User: "No thanks. Can you tell me about your refund policy?"
Assistant: [agent-name-b]: Certainly! Our refund policy allows for a full refund within 30 days of purchase if you're not satisfied with our service. After 30 days, refunds are prorated based on the remaining time in your billing cycle. Is there a specific concern you have about our service?
User: "I'm having trouble accessing my account"
Assistant: [agenc-name-c]: I'm sorry to hear you're having trouble accessing your account. Let's try to resolve this issue. Can you tell me what specific error message or problem you're encountering when trying to log in?
User: "It says my password is incorrect, but I'm sure it's right"

userinput: It says my password is incorrect, but I'm sure it's right
selected_agent: agent-name-c
confidence: 0.9

Skip any preamble and provide only the response in the specified format.

Seems like a fairly standard prompt:

  • the task is well defined (except for the "unkwnown" typo)
  • they've delimited the inputs well (with xml tags, which works particularly well with the Anthropic models - and Claude Sonnet is the default)
  • they provide few-shot examples. Though they don't provide agent descriptions in the examples so it's not clear how much extra information is available to the model.
  • They also provide a tool definition to the model to obtain structured output.
    {
      name: 'analyzePrompt',
      description: 'Analyze the user input and provide structured output',
      input_schema: {
        type: 'object',
        properties: {
          userinput: {
            type: 'string',
            description: 'The original user input',
          },
          selected_agent: {
            type: 'string',
            description: 'The name of the selected agent',
          },
          confidence: {
            type: 'number',
            description: 'Confidence level between 0 and 1',
          },
        },
        required: ['userinput', 'selected_agent', 'confidence'],
      },
    },

Review and Conclusion

The Multi-Agent Orchestrator boils down to a single prompt and quite a restrictive model of multi-agent interaction. This seems likely to only work with small numbers of agents with completely distinct responsibilities such that no coordination between agents is required.
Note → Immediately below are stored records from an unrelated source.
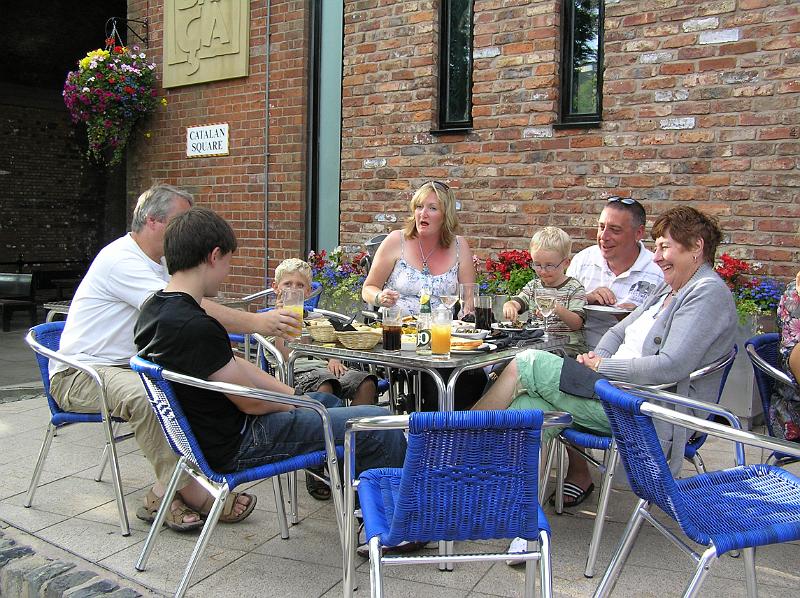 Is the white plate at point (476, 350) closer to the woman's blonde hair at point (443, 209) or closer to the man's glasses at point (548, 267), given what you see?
the man's glasses at point (548, 267)

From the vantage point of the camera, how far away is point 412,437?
1.90 m

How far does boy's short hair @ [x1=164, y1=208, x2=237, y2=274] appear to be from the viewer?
2.75 meters

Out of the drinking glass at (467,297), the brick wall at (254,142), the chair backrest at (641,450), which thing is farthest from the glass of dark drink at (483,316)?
the brick wall at (254,142)

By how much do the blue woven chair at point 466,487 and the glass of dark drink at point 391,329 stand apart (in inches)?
42.3

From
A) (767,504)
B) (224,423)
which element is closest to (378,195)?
(224,423)

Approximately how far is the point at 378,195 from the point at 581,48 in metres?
2.07

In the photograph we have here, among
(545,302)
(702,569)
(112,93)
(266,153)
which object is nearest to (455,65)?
(266,153)

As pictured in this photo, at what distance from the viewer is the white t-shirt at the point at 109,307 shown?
3.49 meters

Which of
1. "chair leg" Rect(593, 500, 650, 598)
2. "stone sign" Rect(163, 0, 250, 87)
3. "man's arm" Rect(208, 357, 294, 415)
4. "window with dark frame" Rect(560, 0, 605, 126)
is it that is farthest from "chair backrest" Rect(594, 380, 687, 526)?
"stone sign" Rect(163, 0, 250, 87)

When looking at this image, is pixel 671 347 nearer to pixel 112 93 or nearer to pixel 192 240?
pixel 192 240

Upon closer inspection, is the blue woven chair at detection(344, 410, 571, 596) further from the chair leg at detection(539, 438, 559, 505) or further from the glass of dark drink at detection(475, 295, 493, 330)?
the glass of dark drink at detection(475, 295, 493, 330)

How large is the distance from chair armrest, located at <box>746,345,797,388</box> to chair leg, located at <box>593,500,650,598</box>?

A similar pattern is the "Supervisor" pattern. However in this case the supervisor is much more than just a classifier. It is often implemented agentically and is responsible for co-ordinating the sub-agents to provide the information required for the supervisor to then respond to the user. This pattern seems much more flexible for most use-cases and can be engineered to be little more than a router if that is all the situation requires.